### WHAT YOU SHOULD DO
The listing is to be transcribed in full, with its images left out.

### INFORMATION SUPPLIED
....
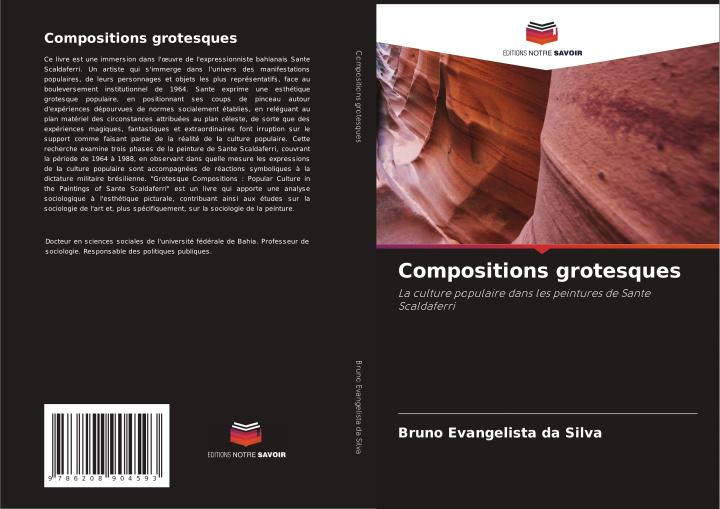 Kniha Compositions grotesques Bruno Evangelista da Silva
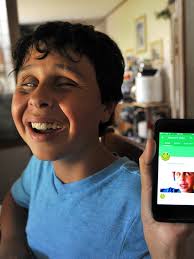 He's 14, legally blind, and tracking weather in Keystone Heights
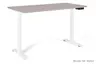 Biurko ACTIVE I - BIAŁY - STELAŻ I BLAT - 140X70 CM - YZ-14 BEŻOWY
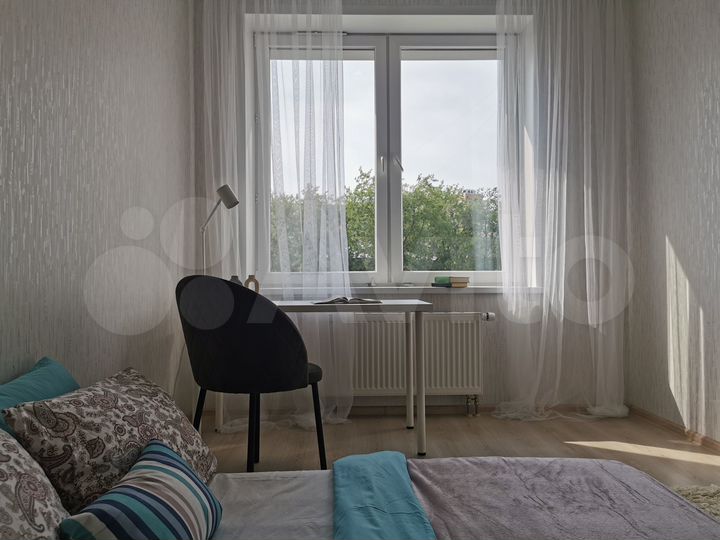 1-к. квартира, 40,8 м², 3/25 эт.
....
### SOLUTION TO THIS EXERCISE
 Kniha Compositions grotesques Bruno Evangelista da Silva
 He's 14, legally blind, and tracking weather in Keystone Heights
 Biurko ACTIVE I - BIAŁY - STELAŻ I BLAT - 140X70 CM - YZ-14 BEŻOWY
 1-к. квартира, 40,8 м², 3/25 эт.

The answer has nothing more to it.